### EXERCISE DESCRIPTION
Please print exactly the lines from the one containing "Rorrom Offbeat Black T-shirt - Hearts" through the last line of the records, and only those. Leave out any pictures.

Top of GIVEN ENTRIES

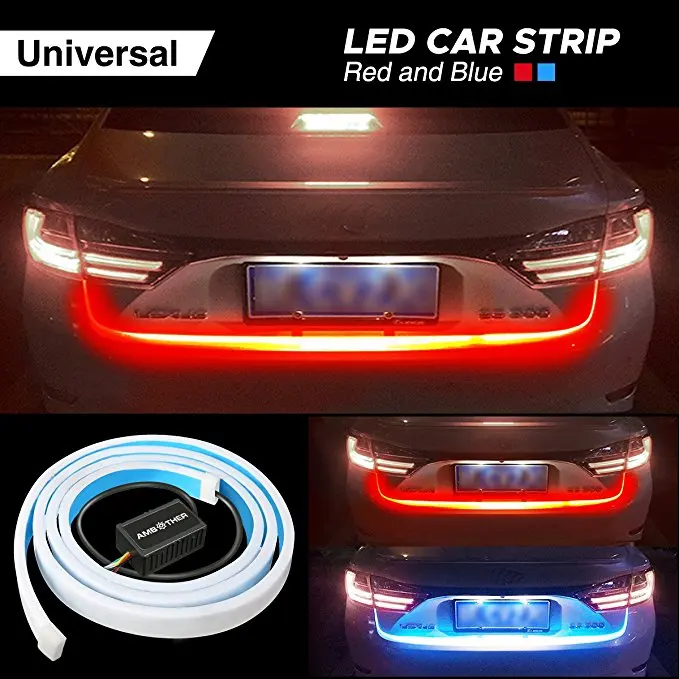 120 150 CM Amber Flow Red Blue Led trunk strip Undercarriage Floating light Turn Signal tailgate Led flexible drl car styling
120 150 CM Amber Flow Red Blue Led trunk strip Undercarriage Floating light Turn Signal tailgate Led flexible drl car styling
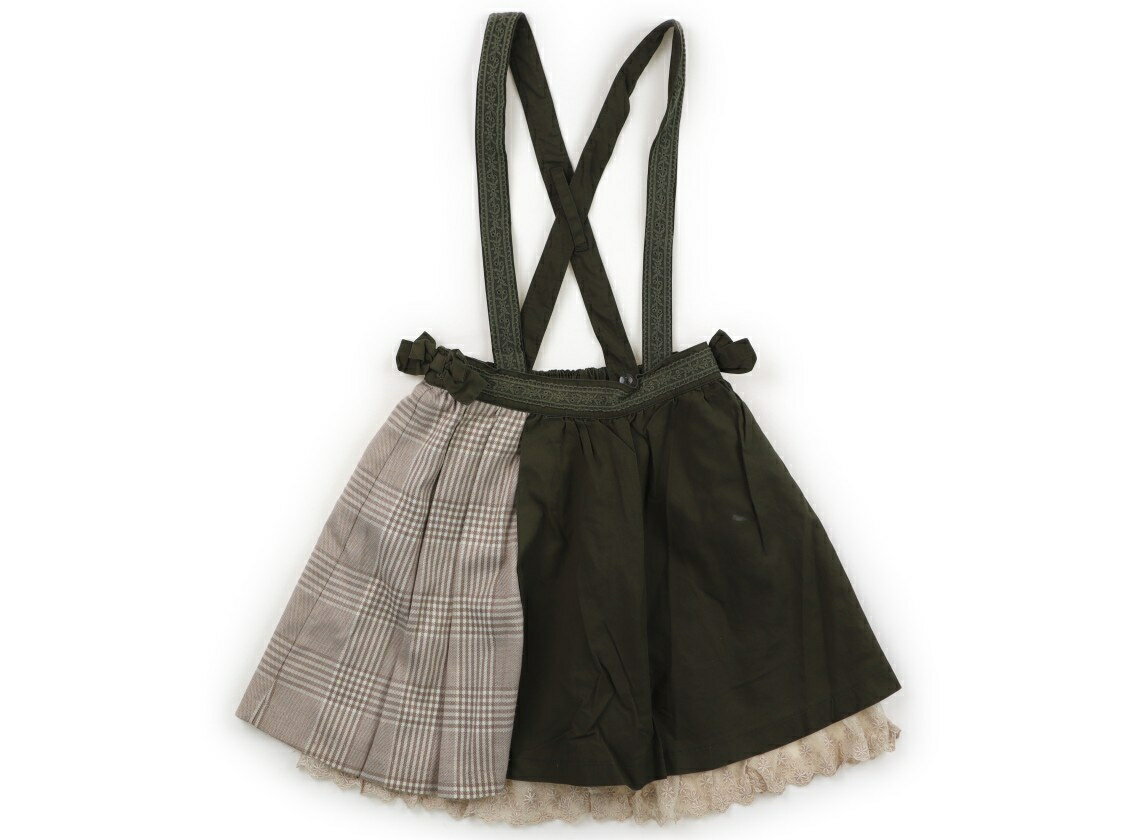 Rakuten - アクシーズファムキッズ axes femme KIDS スカート 130 女の子 杢グリーン・ベージュチェック 子供服 ベビー服 キッズ アウトレット ユーズド 【中古】キッズ・ベビー・マタニティ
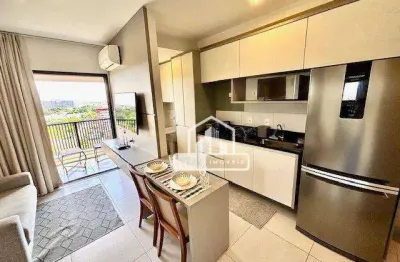 Studio para alugar em jardim redentor de 43.00m² com 1 quarto, 1 suite e 2 garagens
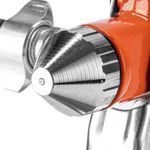 PISTOLA DE PINTURA TANQUE ALTO 100ML BICO DE 0,5MM GRAVIDADE ROSCA 1/4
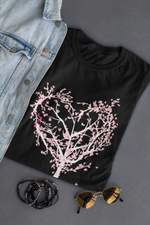 Rorrom Offbeat Black T-shirt - Hearts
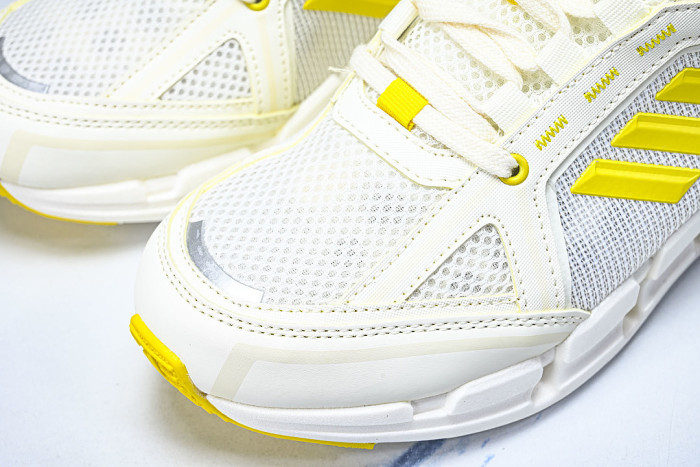 JH9749 CLIMACOOL VENTAGE LOW-CUT RUNNING SHOES WHITE/YELLOW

Bottom of GIVEN ENTRIES

### RESPONSE
 Rorrom Offbeat Black T-shirt - Hearts
 JH9749 CLIMACOOL VENTAGE LOW-CUT RUNNING SHOES WHITE/YELLOW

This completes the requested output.